(EXTRACTED INFORMATION Opens)
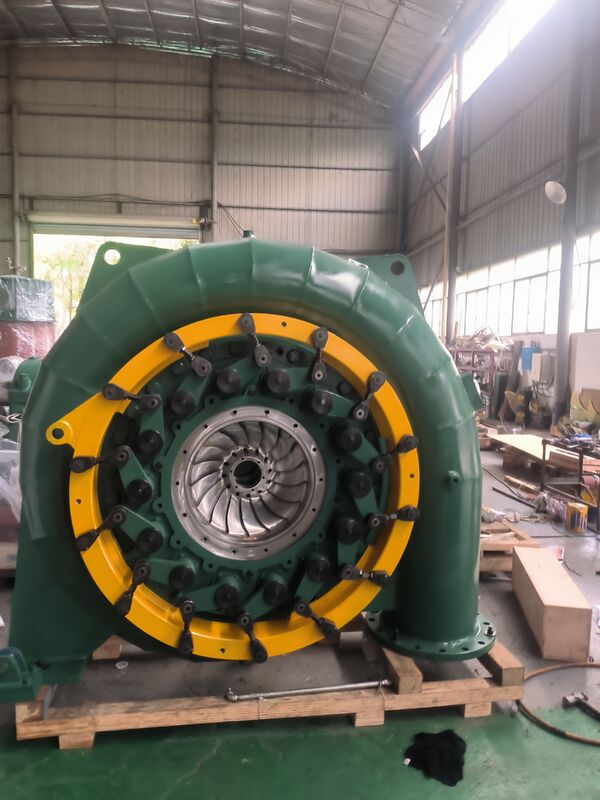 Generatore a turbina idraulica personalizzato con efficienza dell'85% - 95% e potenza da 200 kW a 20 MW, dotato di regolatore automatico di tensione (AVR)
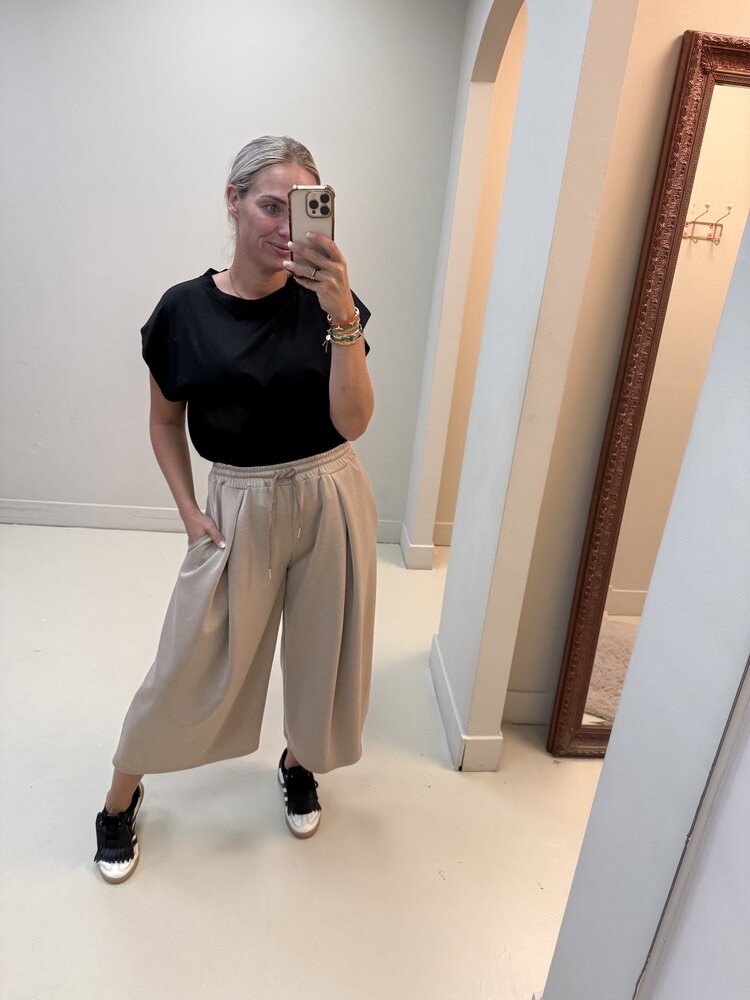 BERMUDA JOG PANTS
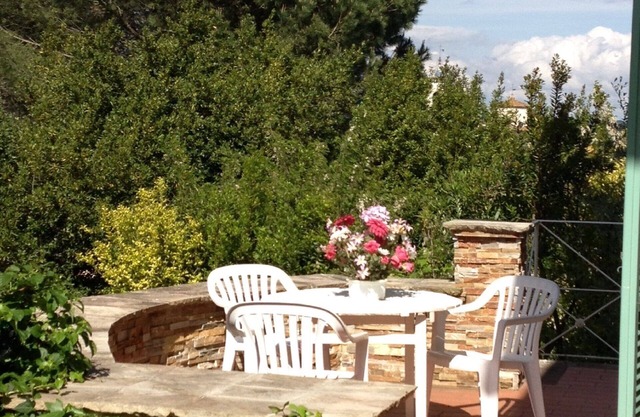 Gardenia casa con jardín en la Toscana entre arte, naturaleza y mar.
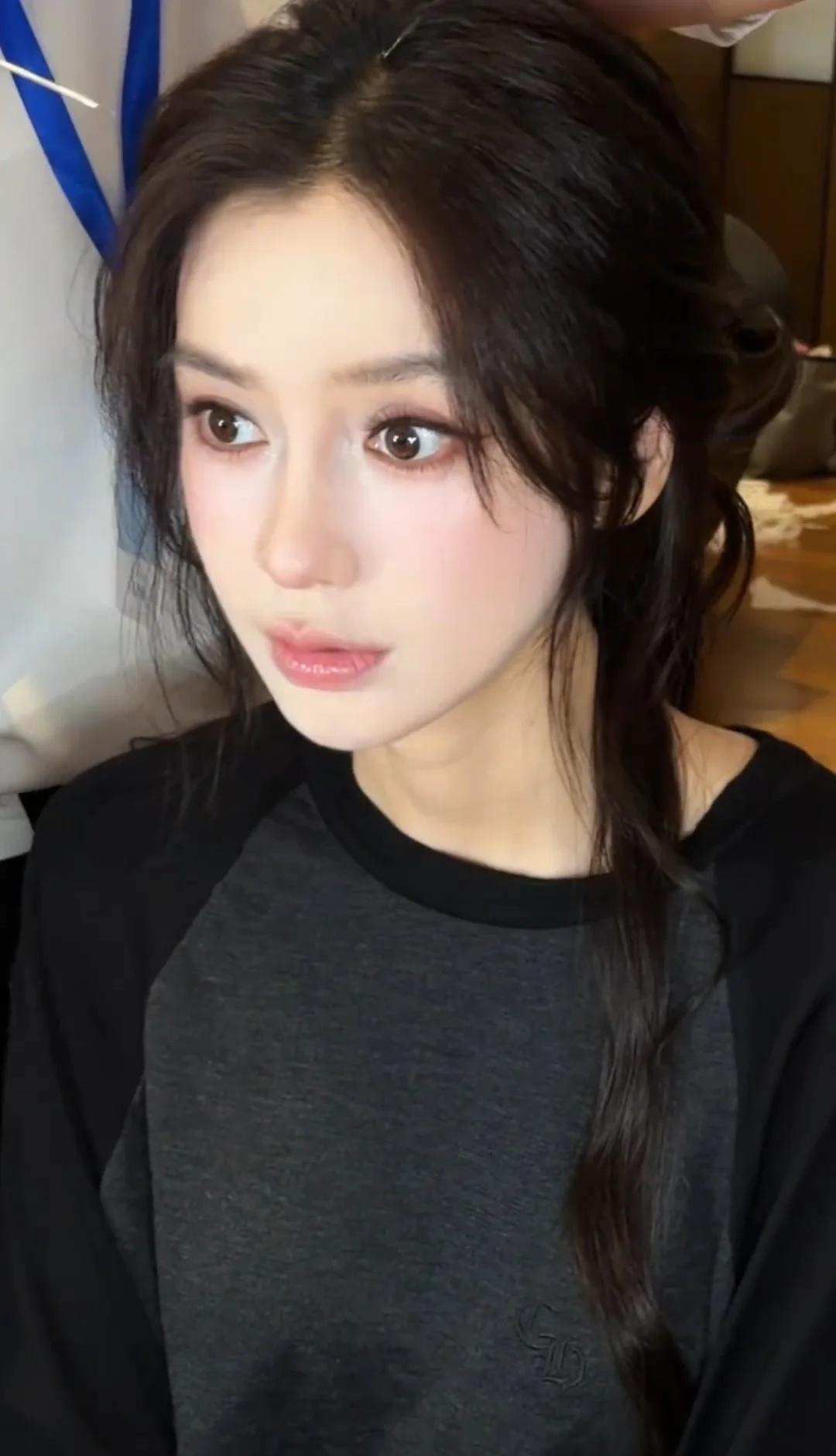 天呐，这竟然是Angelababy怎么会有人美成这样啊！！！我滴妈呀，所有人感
(EXTRACTED INFORMATION Closes)
(EXTRACTED INFORMATION Opens)
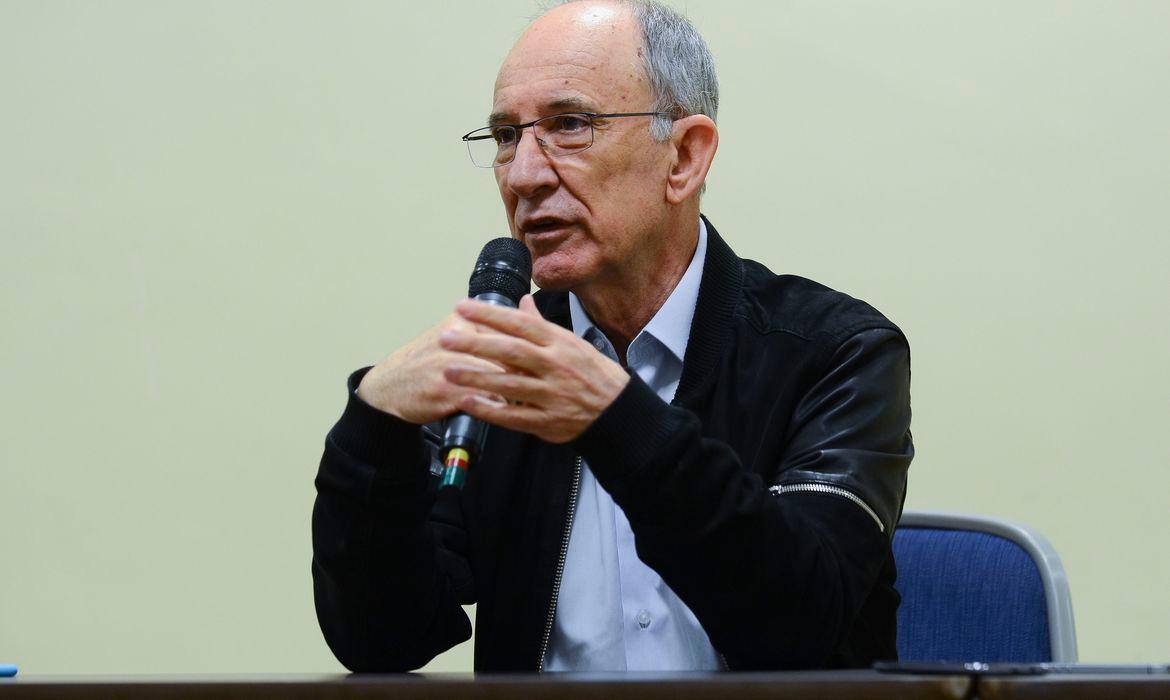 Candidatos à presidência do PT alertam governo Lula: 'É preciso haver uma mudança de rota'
(EXTRACTED INFORMATION Closes)
(EXTRACTED INFORMATION Opens)
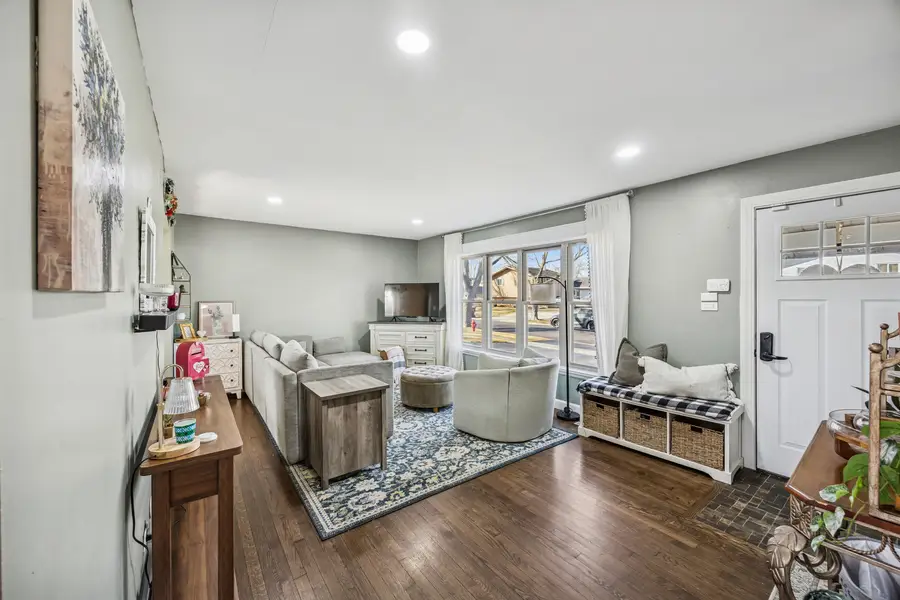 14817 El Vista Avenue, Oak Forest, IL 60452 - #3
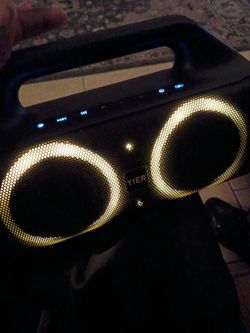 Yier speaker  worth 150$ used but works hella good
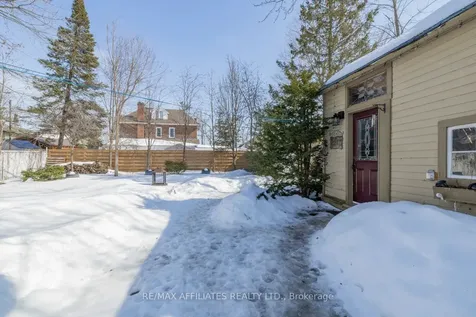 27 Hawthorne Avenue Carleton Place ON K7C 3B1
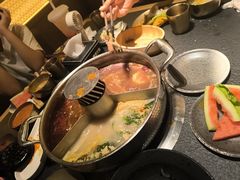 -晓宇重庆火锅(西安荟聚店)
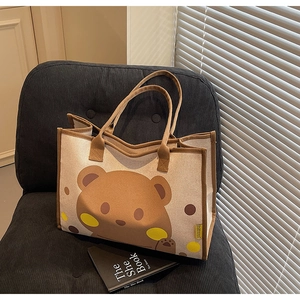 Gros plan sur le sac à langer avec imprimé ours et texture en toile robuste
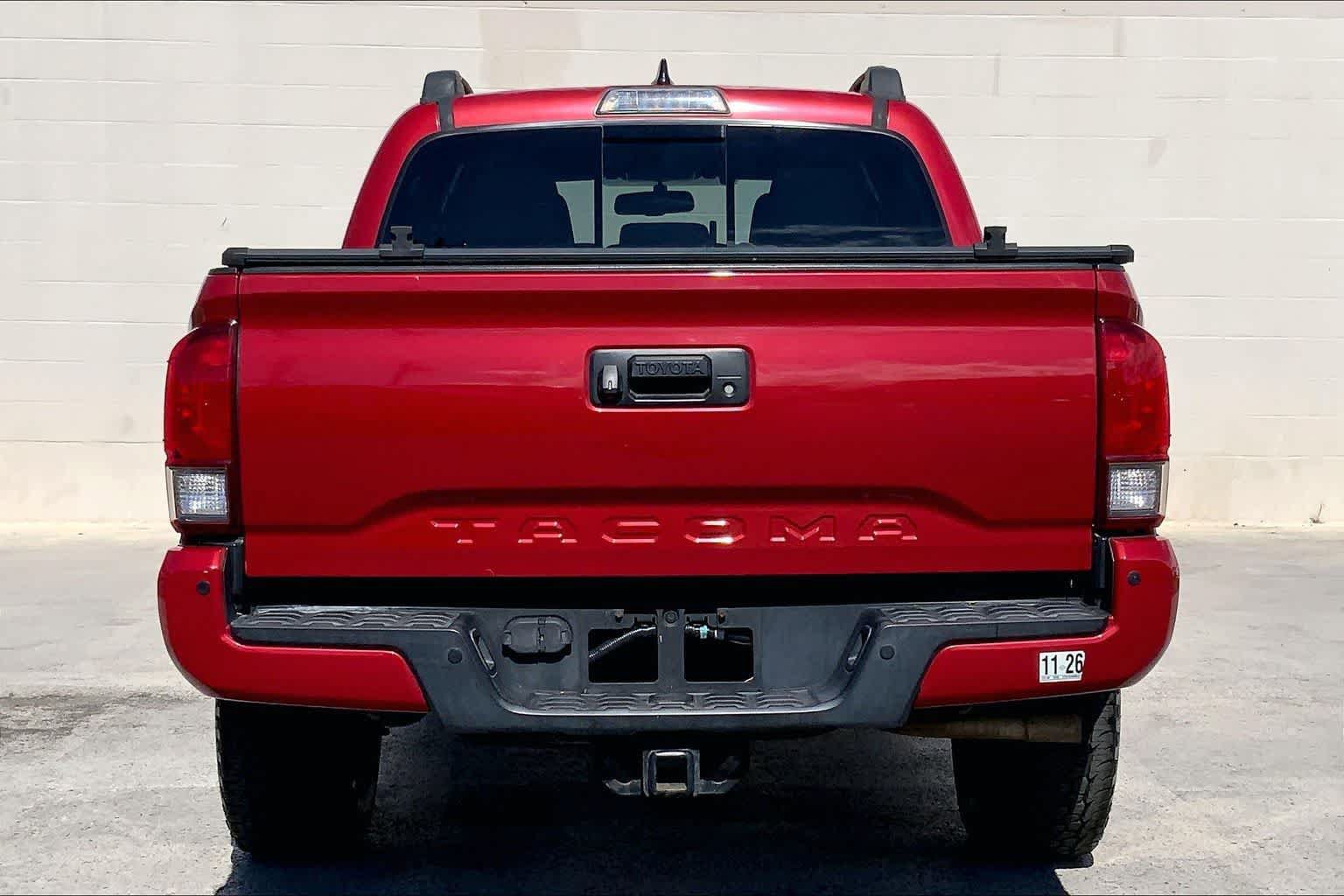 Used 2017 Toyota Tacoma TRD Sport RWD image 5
(EXTRACTED INFORMATION Closes)
Could the stretch from the line with "Gardenia casa con" through the line with "天呐，这竟然是Angelababy怎么会有人美成这样啊！！！我滴妈呀，所有人感" in the listing above be restated word for word, minus the pictures?

**RESPONSE AREA**.
 Gardenia casa con jardín en la Toscana entre arte, naturaleza y mar.
 天呐，这竟然是Angelababy怎么会有人美成这样啊！！！我滴妈呀，所有人感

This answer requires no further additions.